== Segment start ==

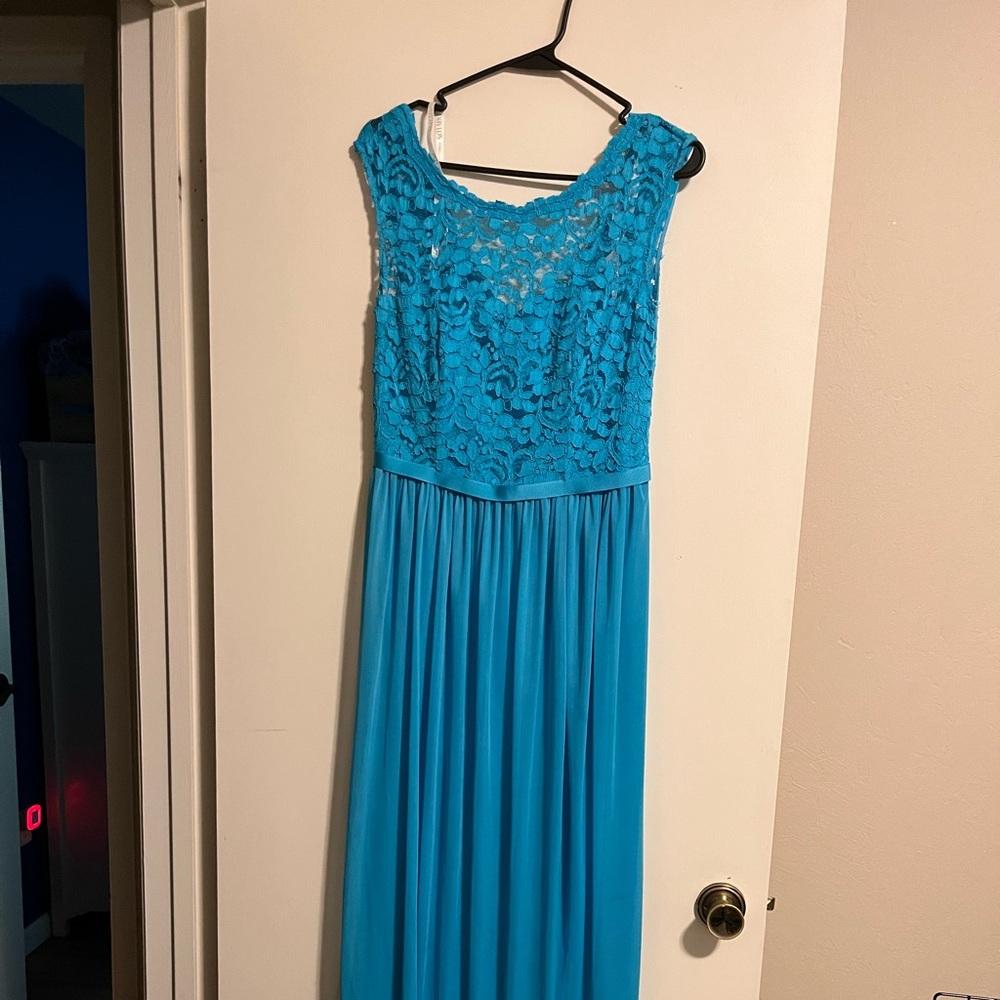 David’s bridal Malibu blue bridesmaid dress size 8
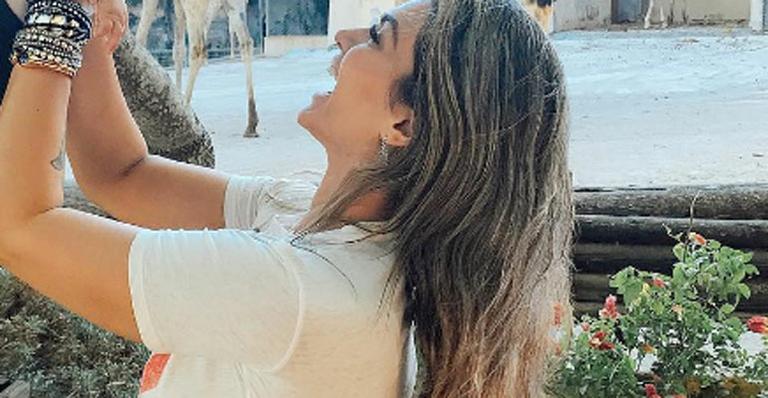 Artur, caçulinha de Kelly Key, rouba a cena em passeio no zoológico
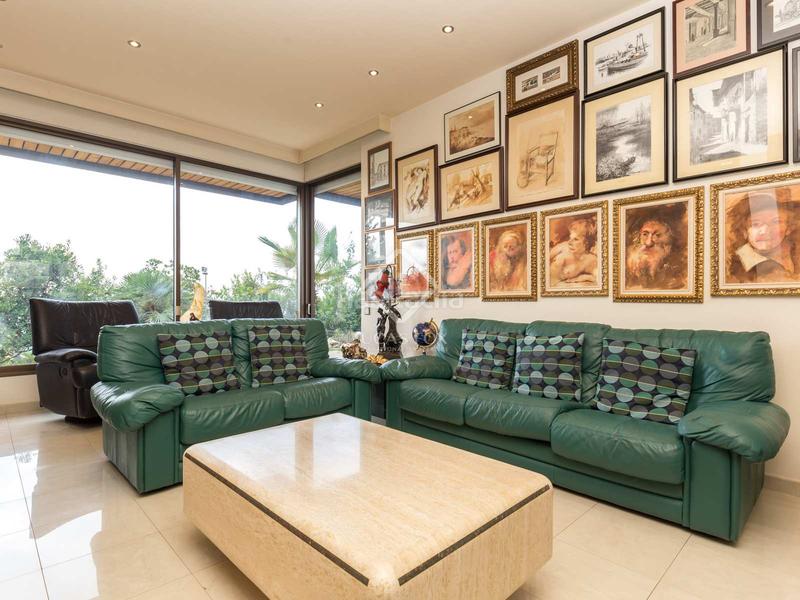 Foto 6d64792d-1922-4575-a5fd-60f4ea220134. Xalet amb aparcament piscina a La Plana-Bellsoleig Sant Just Desvern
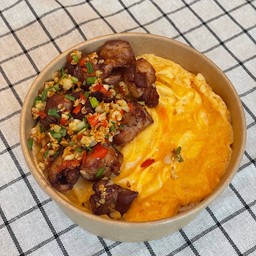 ข้าวหน้าไก่คั่วพริกเกลือ + ไข่ข้น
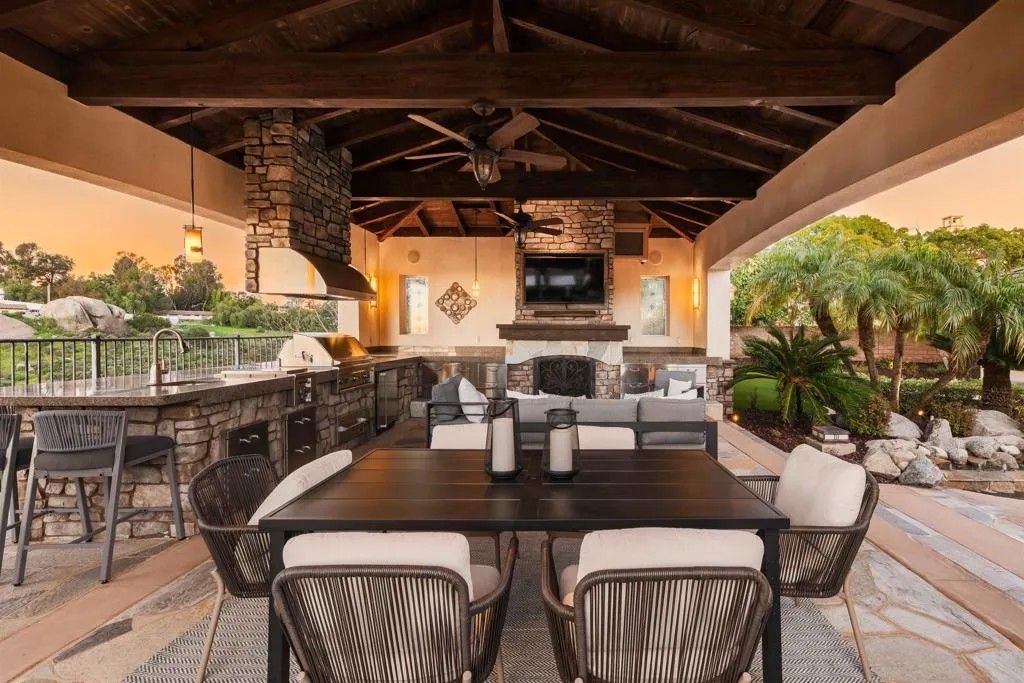 Photo of 1091 Park Hill Place, Vista, CA 92081 (MLS # NDP2600615)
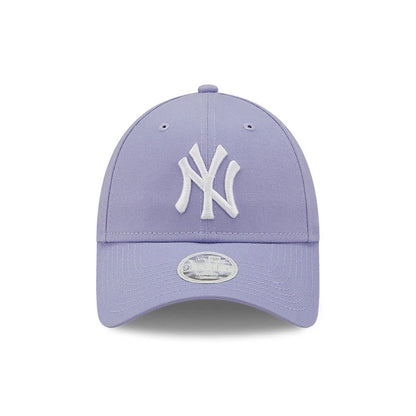 New York Yankees League Essentials Womens Lilac New Era 9FORTY Adjustable Cap, front view showing raised white embroidered NY logo on the front panel and a 9FORTY size sticker centred on the curved visor.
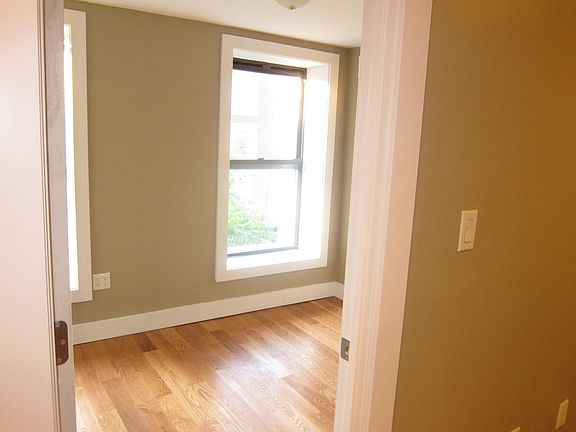 4th image of 298 Gates Ave #4A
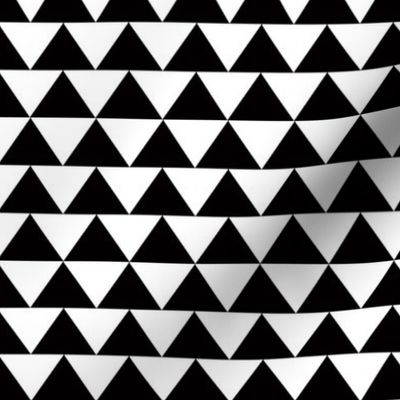 triangles black and white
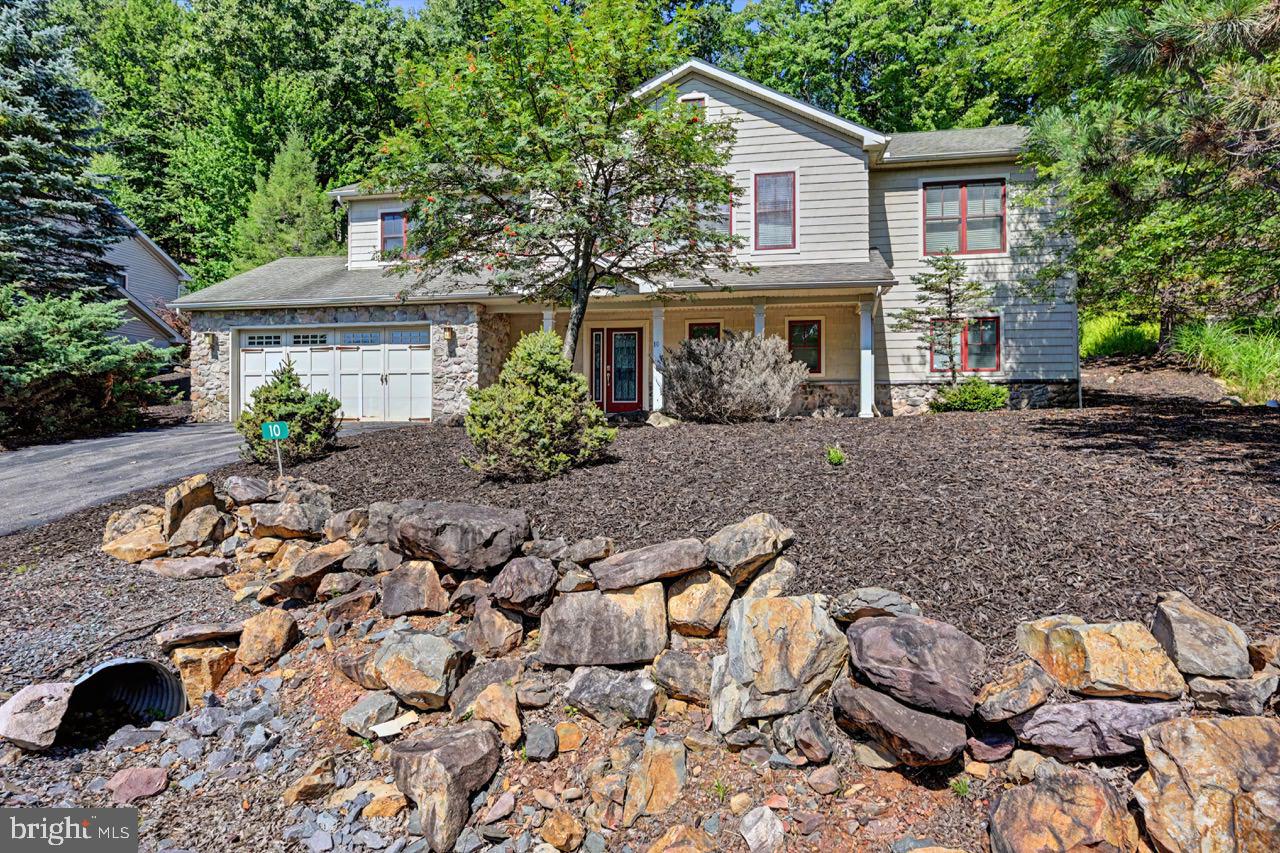 10 Bluestone Ct Property Photo 1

== Segment end ==

TASK DIRECTIONS
Only what runs from the line with "triangles black and white" through the last line of the listing above belongs in the answer, set down exactly and free of pictures.

WRITTEN ANSWER
 triangles black and white
 10 Bluestone Ct Property Photo 1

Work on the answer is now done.